Here are what I would recommend:

For Python/Data Science
1) I find the book Automate the Boring Stuff with Python is a good start, although I discovered this rather late. This book introduces all the basic programming in Python, such as creating functions, iterations, and also more advanced stuff like reading and automating spreadsheets, webcrawling, and generally automating work using Python. It is easy to read and follow, and the digital copy of the book is free to browse at the link provided.   
2) Jose Portilla's courses pertaining to Python and Data Science in Udemy is an excellent introduction to the subject. And with the constant barrage of sales and offer at Udemy (recently they have a $10 to all courses, for example), it is good to buy and learn at your own pace. I have personally done the Data Science and Machine Bootcamp with Python (and also SQL and R). He also have a Python bootcamp.  
3) Other resources such as Datacamp and Codeacademy is a good place to consider too. Personally, I started Python and R at Codeacademy and Datacamp respectively.

For Machine Learning

1) The videos based on the book An Introduction to Statistical Learning with Applications in R is an must-watch if you wish to have a deeper understanding in the intuition behind the machine learning algorithms, in a statistician point-of-view. It also covers more advanced methods such as Support Vector Machines. However, it does not cover neural networks. Statistical Learning is the statistician way of saying Machine Learning.

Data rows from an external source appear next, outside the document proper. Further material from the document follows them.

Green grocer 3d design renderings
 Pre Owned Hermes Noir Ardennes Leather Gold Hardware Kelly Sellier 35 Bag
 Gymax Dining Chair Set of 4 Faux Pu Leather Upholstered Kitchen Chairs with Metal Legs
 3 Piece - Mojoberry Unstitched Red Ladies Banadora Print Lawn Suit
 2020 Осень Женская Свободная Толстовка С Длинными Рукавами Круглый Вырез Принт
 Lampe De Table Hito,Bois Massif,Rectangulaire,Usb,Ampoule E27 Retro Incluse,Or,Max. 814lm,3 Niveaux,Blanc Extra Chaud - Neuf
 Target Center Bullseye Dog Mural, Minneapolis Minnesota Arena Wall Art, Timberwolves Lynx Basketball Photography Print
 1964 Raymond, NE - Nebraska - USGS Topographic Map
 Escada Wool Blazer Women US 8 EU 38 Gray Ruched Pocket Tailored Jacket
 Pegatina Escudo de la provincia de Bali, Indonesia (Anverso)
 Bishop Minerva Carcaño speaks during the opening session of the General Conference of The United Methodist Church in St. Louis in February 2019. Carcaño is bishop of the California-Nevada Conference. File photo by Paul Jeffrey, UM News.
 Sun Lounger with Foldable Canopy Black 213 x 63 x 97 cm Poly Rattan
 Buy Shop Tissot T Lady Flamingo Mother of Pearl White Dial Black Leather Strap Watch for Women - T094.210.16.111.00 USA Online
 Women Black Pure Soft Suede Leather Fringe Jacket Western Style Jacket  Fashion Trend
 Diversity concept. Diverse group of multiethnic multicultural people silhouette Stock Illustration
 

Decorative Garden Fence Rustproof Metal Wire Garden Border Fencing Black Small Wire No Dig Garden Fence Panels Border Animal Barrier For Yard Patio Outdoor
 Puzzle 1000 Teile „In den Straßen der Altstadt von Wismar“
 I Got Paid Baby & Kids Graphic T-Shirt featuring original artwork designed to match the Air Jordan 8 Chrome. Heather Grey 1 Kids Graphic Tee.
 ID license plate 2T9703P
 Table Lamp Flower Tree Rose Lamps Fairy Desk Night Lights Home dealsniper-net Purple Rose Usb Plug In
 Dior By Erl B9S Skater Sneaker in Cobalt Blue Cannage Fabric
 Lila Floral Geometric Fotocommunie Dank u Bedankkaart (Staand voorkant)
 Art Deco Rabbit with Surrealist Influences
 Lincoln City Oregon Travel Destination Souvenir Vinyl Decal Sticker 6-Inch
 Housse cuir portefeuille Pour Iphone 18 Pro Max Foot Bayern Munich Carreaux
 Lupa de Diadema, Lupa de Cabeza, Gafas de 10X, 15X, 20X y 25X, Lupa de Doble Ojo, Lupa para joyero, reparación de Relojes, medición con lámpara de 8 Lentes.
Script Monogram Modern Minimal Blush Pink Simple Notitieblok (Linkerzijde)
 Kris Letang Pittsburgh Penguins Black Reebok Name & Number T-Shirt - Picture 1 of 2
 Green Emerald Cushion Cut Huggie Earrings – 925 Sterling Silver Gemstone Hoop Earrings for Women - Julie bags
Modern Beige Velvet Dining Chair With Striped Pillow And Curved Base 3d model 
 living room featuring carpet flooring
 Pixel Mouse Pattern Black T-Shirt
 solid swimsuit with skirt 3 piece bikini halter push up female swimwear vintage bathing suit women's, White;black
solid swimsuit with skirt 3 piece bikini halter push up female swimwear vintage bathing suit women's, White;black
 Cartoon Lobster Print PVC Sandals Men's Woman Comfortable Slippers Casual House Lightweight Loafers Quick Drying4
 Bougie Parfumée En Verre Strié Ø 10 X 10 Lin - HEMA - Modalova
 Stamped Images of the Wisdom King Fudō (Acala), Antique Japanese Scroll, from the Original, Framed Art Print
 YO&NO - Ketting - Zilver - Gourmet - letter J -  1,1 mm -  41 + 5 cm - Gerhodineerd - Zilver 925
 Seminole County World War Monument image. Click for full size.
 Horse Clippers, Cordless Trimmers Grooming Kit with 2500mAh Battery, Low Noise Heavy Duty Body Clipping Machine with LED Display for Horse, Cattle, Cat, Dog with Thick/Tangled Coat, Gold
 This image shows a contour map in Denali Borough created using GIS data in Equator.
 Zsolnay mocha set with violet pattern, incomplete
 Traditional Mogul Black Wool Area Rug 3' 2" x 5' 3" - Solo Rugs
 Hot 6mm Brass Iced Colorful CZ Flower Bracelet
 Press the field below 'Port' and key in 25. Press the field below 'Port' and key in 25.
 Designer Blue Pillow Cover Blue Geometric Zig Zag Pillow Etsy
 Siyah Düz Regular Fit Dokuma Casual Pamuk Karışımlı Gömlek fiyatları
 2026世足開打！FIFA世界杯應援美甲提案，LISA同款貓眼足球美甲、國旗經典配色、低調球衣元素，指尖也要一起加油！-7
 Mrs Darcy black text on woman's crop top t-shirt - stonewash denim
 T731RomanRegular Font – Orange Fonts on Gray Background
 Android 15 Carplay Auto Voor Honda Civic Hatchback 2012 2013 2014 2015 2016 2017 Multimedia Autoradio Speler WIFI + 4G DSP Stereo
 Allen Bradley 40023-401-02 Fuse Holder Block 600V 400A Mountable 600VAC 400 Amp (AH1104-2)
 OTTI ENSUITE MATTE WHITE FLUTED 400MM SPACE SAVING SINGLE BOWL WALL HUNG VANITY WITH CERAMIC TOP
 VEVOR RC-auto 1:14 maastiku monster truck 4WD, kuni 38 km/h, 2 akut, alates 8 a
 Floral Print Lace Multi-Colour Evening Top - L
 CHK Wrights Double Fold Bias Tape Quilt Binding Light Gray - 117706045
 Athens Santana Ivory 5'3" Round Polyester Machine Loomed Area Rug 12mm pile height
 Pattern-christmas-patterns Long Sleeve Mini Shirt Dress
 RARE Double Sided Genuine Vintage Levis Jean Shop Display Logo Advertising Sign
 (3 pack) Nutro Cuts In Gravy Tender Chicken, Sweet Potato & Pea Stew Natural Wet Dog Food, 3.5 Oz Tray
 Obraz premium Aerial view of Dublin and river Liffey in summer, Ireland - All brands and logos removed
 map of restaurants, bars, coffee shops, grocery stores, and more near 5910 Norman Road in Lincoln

2) Andrew Ng has become the household name for Machine Learning. His Machine Learning course in Coursera is becoming a classic. This course approaches Machine Learning in the Computer Science's POV and Andrew is able to explain difficult concepts easy to understand in his softspoken manner. The assignment is challenging and it is in Matlab or Octave. It is this course that I finally appreciate the wonders of matrix algebra (and yes, I am not shy to say I am an engineer). I am currently auditing his Deep Learning course, also in Coursera.


Currently I am still looking for opportunities to use what I have learnt at work (or new opportunities). I am using Python to scrape stock data and am devising a project to scrape financial report data for REIT analysis. More on this in future blogs.

~yZhifa